Dazu trug sicher bei, dass bei ihm Person, Song und Botschaft erkennbar stimmig zusammenpassten. Zwar weist die Klavierballade über den frühen Tod seines Vaters noch drei Mitkomponisten auf, auf der Bühne in Lissabon trug sie Schulte aber vor passend ausgewählten Bühnenprojektionen unbestreitbar authentisch vor. Auch, als er kurz vor dem Wettbewerb verkündete, demnächst selbst Vater zu werden, wirkte dies keineswegs kalkuliert, sondern verlieh seinem Beitrag eher zusätzliches Gewicht.
Es kommt auf den Titel an
Welche Konsequenzen kann Deutschland nun daraus ziehen? Sicher die, dass es in Ordnung ist, den Kandidaten professionelle Unterstützung zur Seite zu stellen, deren eigene Stimme dabei aber immer noch erkennbar bleiben sollte. Bei den durchaus talentierten Kandidatinnen der vergangenen Jahre sprang dieser Funke in den Finalsendungen erkennbar nicht über. Eine wünschenswerte weitere Konsequenz wäre es, das ewige deutsche Gejammer „Keiner mag uns“und „die Osteuropäer schieben sich ja eh die Punkte zu“endgültig einzumotten. Denn die einfache Gleichung lautet: Wenn man einen guten Song im Gepäck hat, der die Menschen länderübergreifend berühren kann, und diesen überzeugend darbietet, dann spielt die Herkunft des Interpreten nur eine untergeordnete Rolle.

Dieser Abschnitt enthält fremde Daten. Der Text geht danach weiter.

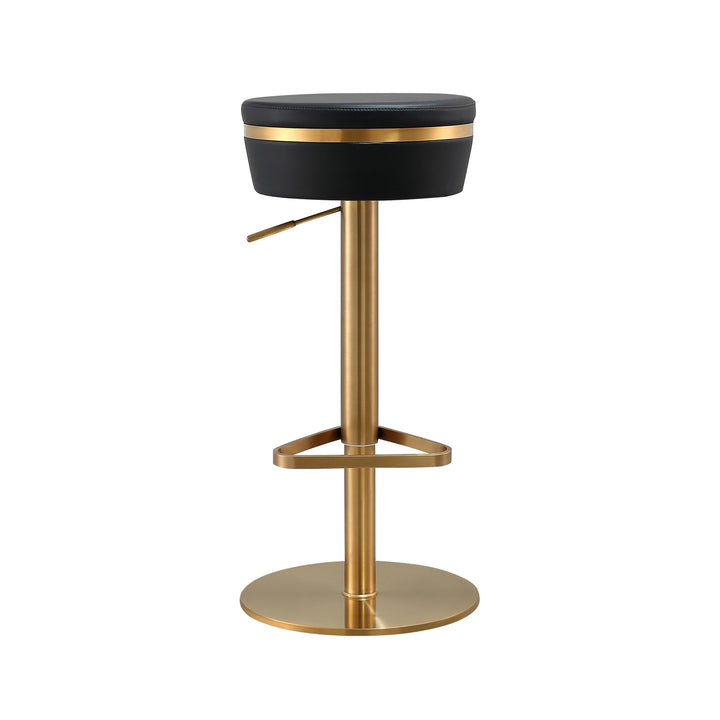 TOV Furniture Astro Black and Gold Adjustable Stool OTTOMANS, POUFS, + STOOLS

Am Reißbrett lassen sich Erfolge aber auch weiterhin nicht planen, man muss zudem den Nerv der Zeit treffen – wie Netta in ihrem selbstbewusst an die derzeitige #MeToo-Debatte anknüpfenden Song. Die 25-jährige Israelin, die früher unter ihrem Gewicht litt, fühlt sich mittlerweile erkennbar wohl in ihrem Körper. Ihr Beitrag ist eine wilde Stilmixtur, mal gackert sie wie Lady Gaga in „Bad Romance“, mal lässt sie Elemente des ostasiatischen Pops einfließen. Das gilt auch für die Textreferenzen, die von „Wonder Woman“bis hin zum Pokemon Pikachu reichen, sowie die Inszenierung: Netta trug einen Kimono, im Hintergrund thronten zwei Schränke mit japanischen Winkekatzen, vom deutschen ESCKommentator Peter Urban kenntnisreich als „Bären“bezeichnet. Dass vor zwei Jahren eine gewisse JamieLee auf einen optisch ähnlichen Stil setzte und damit für Deutschland auf dem letzten Platz landete, zeigt, dass man den richtigen Zeitpunkt auch verpassen kann, wenn man zu früh kommt. Nun findet der ESC mit dem vierten Sieg des Landes kommendes Jahr in Israel statt – 20 Jahre nachdem die transsexuelle Dana International den Wettbewerb zuletzt in das Land geholt hatte.